すると、心の中にぐんぐん宇宙のエネルギーが入り込んできて、普段は使うことのできない潜勢力が発揮されます。

そしてこの状態こそが、人間の本来あるべき姿なのです。

心に雑念があると、脳が働き続けるので、どんどん疲れていきます。

それは、誰もいない部屋でエアコンをガンガンかけるようなもので、エネルギーの浪費をしていることになります。

逆に霊性心が発揮されると、エネルギーが充電されていくのです。

 

禅の修行で目指している状態は、他のことに気を取られず、ひたすら一つのことに気を集中できるようになる一意専心です。

口で言うのは簡単ですが、実際に行うのは大変です。

ご飯を食べるときも、なんとなしに仕事のことなど、別のことを考えたりしていませんか。

ご飯を食べるときは、ご飯を食べることだけに精神を集中する。

寝るときは、寝ること以外考えない。

それが一意専心です。

「眠れない」と思った時点で、それは雑念が発生しているのです。

人間は少しでも油断すると、何か別のことを考えてしまいます。

禅のお坊さんは、常に一意専心の状態でいられるように修行しているのです。

気を集中して打ち込むと、自分の能力が最大限に発揮されるので、何をするにしても効率が上がります。

逆に雑念を浮かべていると、力が発揮できないので効率が落ちます。

 

雑念を浮かべることは、百害あって一利なしです。

エネルギーが浪費されて疲れが溜まっていくし、消極的な思考や欲求不満などが暴走する原因になります。

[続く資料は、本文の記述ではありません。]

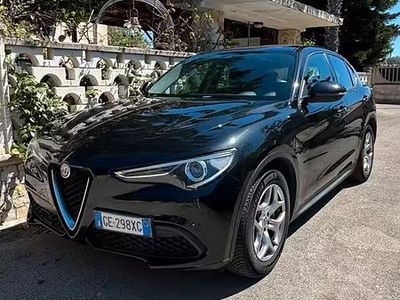 Usata Alfa Romeo Stelvio 160 CV (117 kW) 2021 Nero SUV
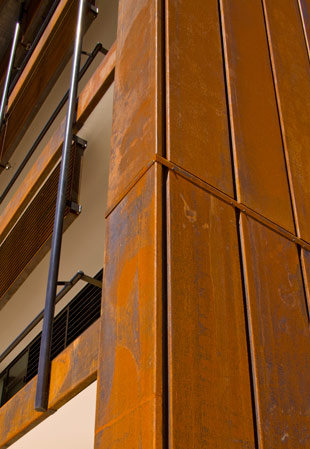The cladding, including the customised sunscreen louvres on the street facade is made from REDCOR® weathering steel grade HW350A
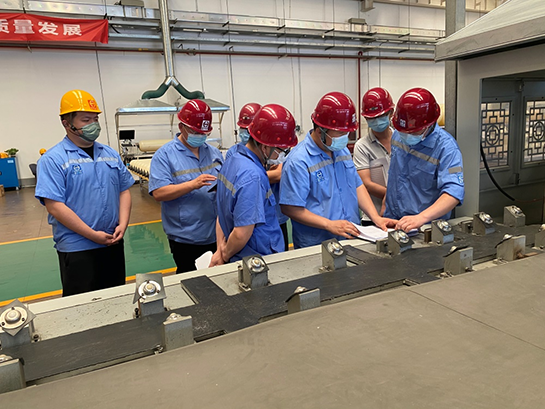 天海工業(yè)黨委書記、董事長李俊杰深入四型瓶車間調(diào)研指導(dǎo)工作 (1).png 天海工業(yè)黨委書記、董事長李俊杰深入四型瓶車間調(diào)研指導(dǎo)工作 (1).png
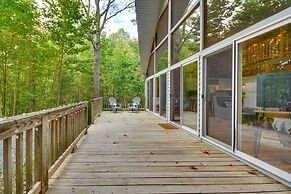 Serene Fancy Gap Cabin Retreat in Private Setting!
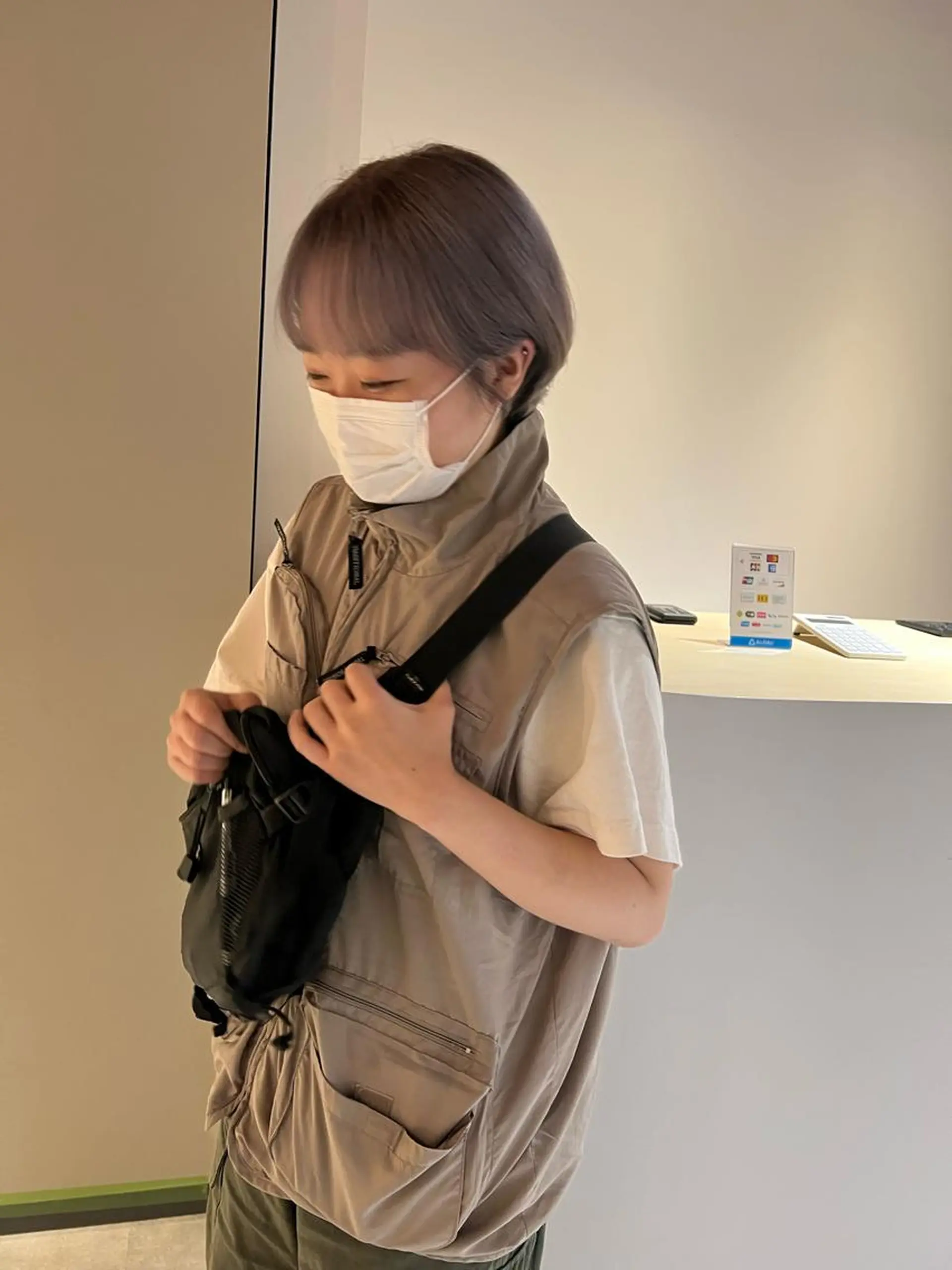 ショート カラー ブリーチ ブルーカラー ブルーラベンダー ラベンダーカラー io濱川 遥のヘアスタイル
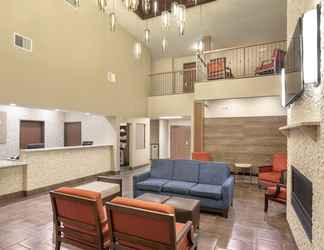 Lobby 2 Comfort Suites Yakima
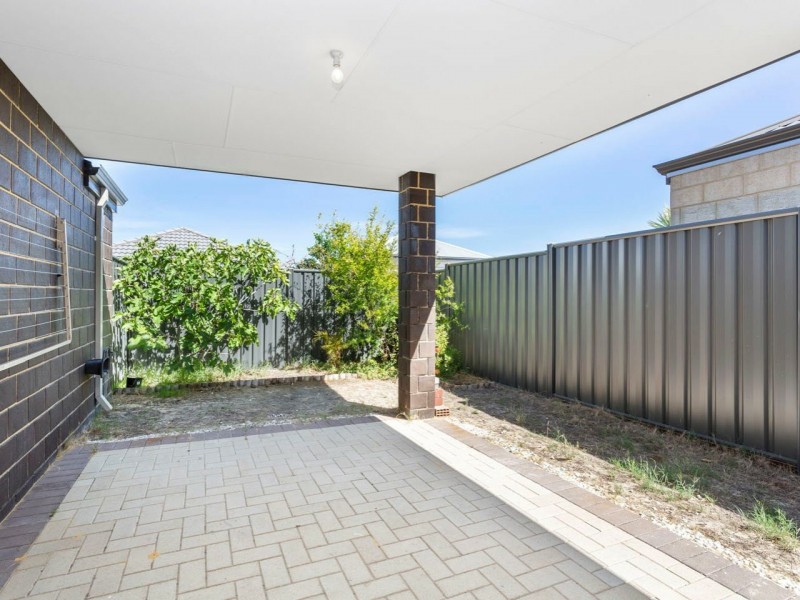 106 Joseph Banks Boulevard, Banksia Grove WA 6031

自分が考えようと思ったこと以外は考えないように努めて、雑念が浮かんだらすぐに消すようにしましょう。

 

中村天風の考案した雑念を消して心をリセットするブザー音を使った瞑想、安定打坐法を紹介します。

簡単にできるので、朝起きた時や寝る前などに行い、それを習慣化しましょう。
まず静かな場所で、楽な姿勢で座り、目をつむります。

そして、自動的に音の切れるブザー音を十数秒鳴らします。

アップルストアに天風会の安定打坐法というアプリがあるので、アイフォンを使っているならおすすめです。

ブザー音が鳴り始めると、意識が自然とブザー音に集中します。

そして、ふいにブザー音が消えると、意識は行き場を失って、心の中が空になります。

このときに体験するのが、無念無想である三昧の境地です。

このときの心持ちを覚えて、日常の中で雑念が浮かんできたら、できるだけその心持ちを思い出しましょう。

それを続けていれば、ブザー音がなくても無念無想の境地に入ることができるようになります。
本来なら、無念無想になるためには、何時間も坐禅して、本能心と理性心が消えるのを待たなくてはなりませんでした。

しかし安定打座法では、ブザー音ひとつで簡単に無念無想になることができます。

 

ここで重要なのは、継続することです。

この方法では、簡単に無念無想になれるので、その有り難みを忘れてしまいがちです。

人は苦労して手に入れたものは、手放さないように努力します。

しかし、簡単に手に入ったものは、簡単に手放してしまうので、継続するように気をつけましょう。

 

無念無想の状態で生きれば、意識を使わないですむので、疲れにくくなります。

さらに、本能心と理性心の板挟みになって、煩悶することがなくなります。
もちろん怒りや悲しみを、感じることはありますが、無念無想になって、心をリセットできれば、執着することがなくなります。
安定打座法を続け、無念無想になる時間を少しずつ増やしていけば、ブザー音がなくても無念無想の境地に入ることができるようになります。

消極的な気持ちにとらわれたら、フッと無念無想の境地に入り、心機転換できるように安定打座法を続けていきましょう。